Third, the new type is likely to introduce irritation in its new contexts. Local actors may object to “foreign” spatial artefacts, as shown by European protests against skyscrapers considered as American building types.

To interpret these first observations a wide range of theoretical problems and disciplinary views is at stake. The discussion may centre around the concept of type. When and under which circumstances are practices condensed in a type so that they are recognized by architectural theorists but also by a lay public? How and under which circumstances do national and regional architectural practitioners take up foreign types? Are there observable patterns when foreign types become controversial in discourses of architects, planners and preservationists?

Second, one may analyse the relationship between spatial artefacts and practices, both at the level of “production” and “consumption”. In other words, who/which are the human and non-human actors allowing these circulations: designers, architects, architecture and design magazines, transnational businessmen, tourists, movies? How are practices inscribed in these artefacts, and how can we account for this inscription? Finally, how is the “immigration” of these artefacts regulated, by zoning and building laws?

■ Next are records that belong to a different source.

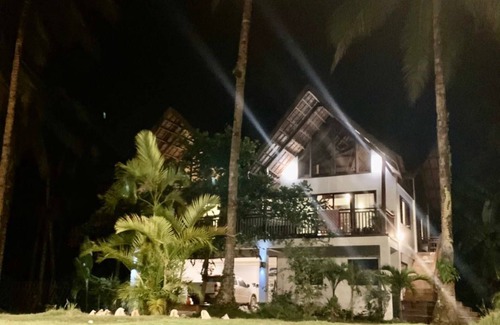 Catangnan Villa | Spacious native style house right on your own secluded beach.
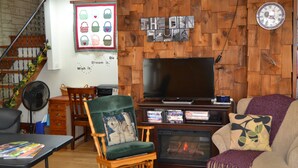 Una sala de estar con chimenea, televisor y una pared de madera.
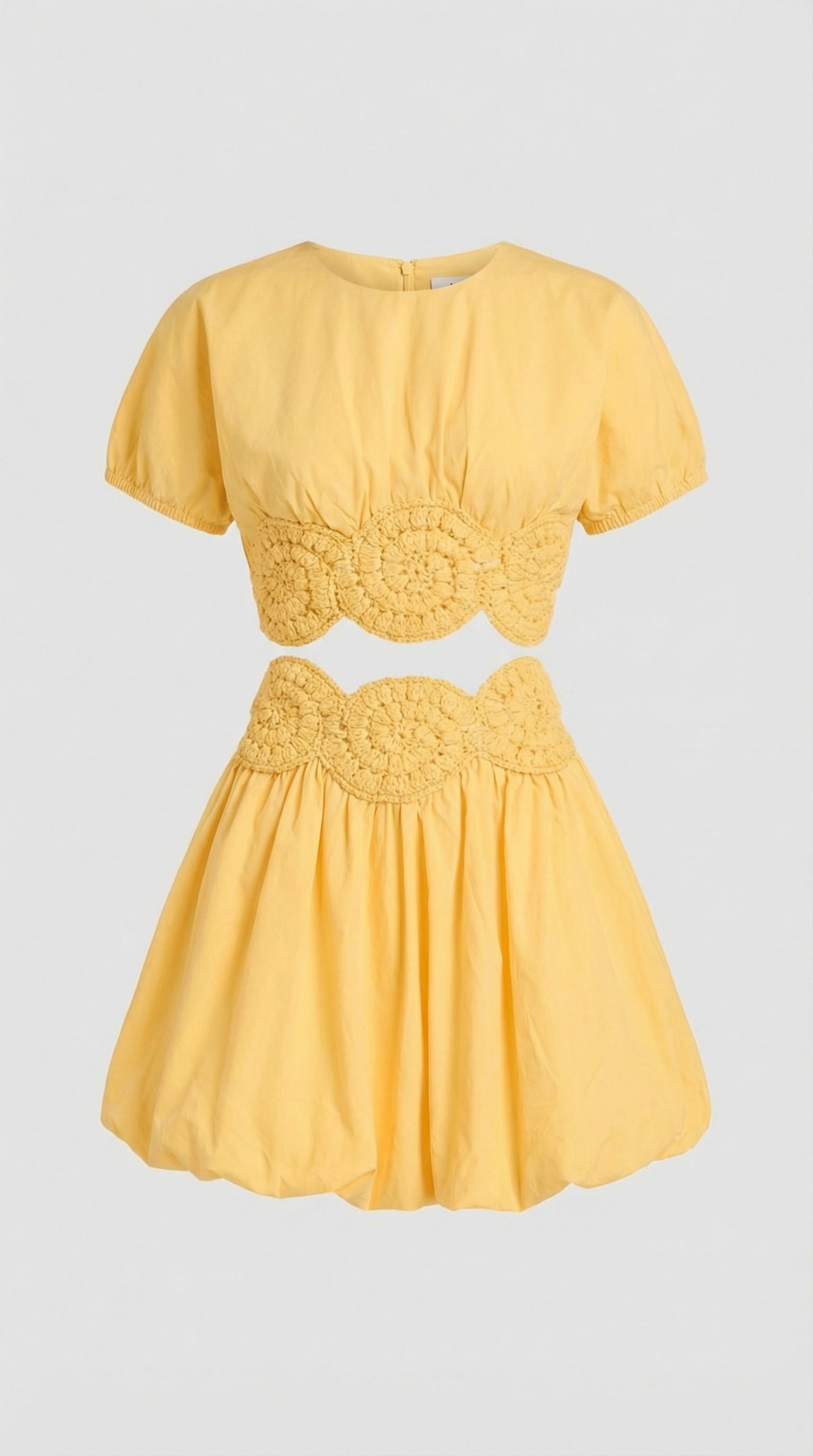 Macro shot of the elexiay handmade white crochet trim and cutout details at the waist of the yellow Amara crop top.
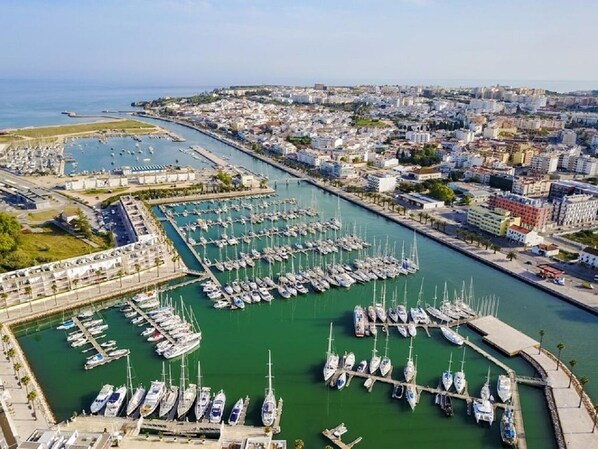 An aerial view of a marina with numerous boats docked, surrounded by urban buildings and a clear sky.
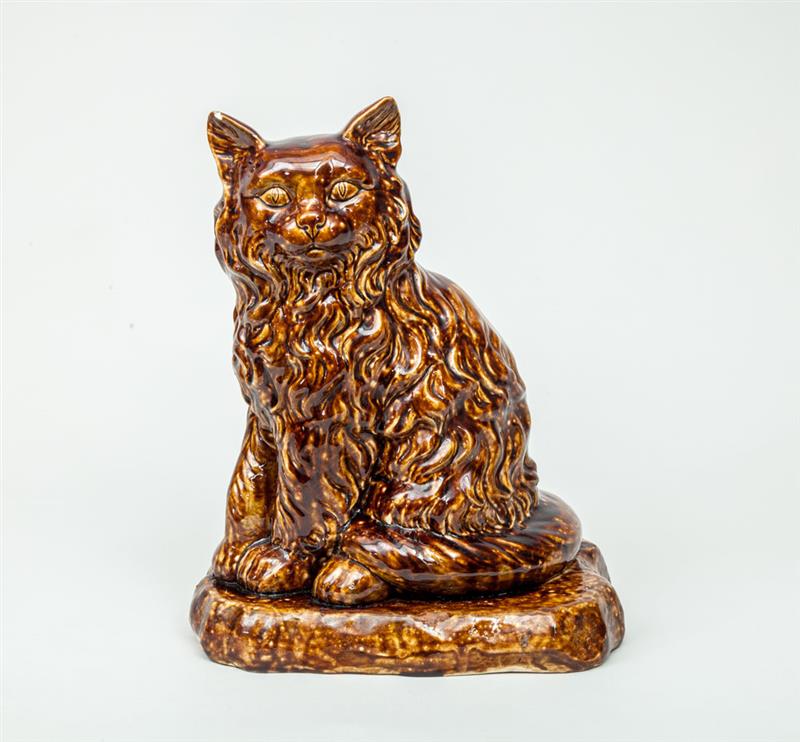 Appraisal: Rockingham Type Tortoise-Glazed Pottery Figure of a Seated Cat x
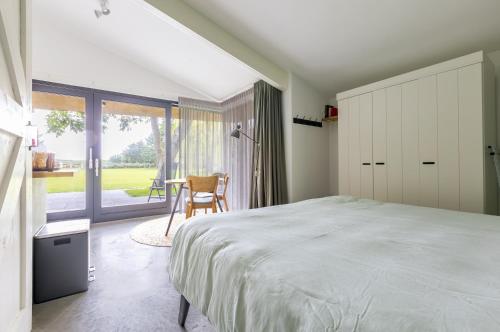 een slaapkamer met een bed, een tafel en een raam bij De Duinlopers - Studio appt Bries - Duinen, strand en nabij cultuur steden in Castricum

Third, the travelling itineraries of spatial artefacts may be of interest in themselves. Are there established geographical and social routes of spatial artefacts? Are there observable patterns where new artefacts are inserted in cities and by whom? Can we identify backbones and “black holes” in these networks? Under what processes are these routes reconfigured?

The purpose of this seminar is to exchange ideas, results and methodologies, and notably to create an encounter between scholars interested in STS perspectives on the built environment (notably Actor Network Theory or Social Shaping of Technologies approaches ) and others using different tool-boxes (stemming from spatial anthropology, cultural geography, architectural history or urban sociology).

The conference is also the first event of the European Network “Socio-Technical Studies of Architecture and Urbanism“.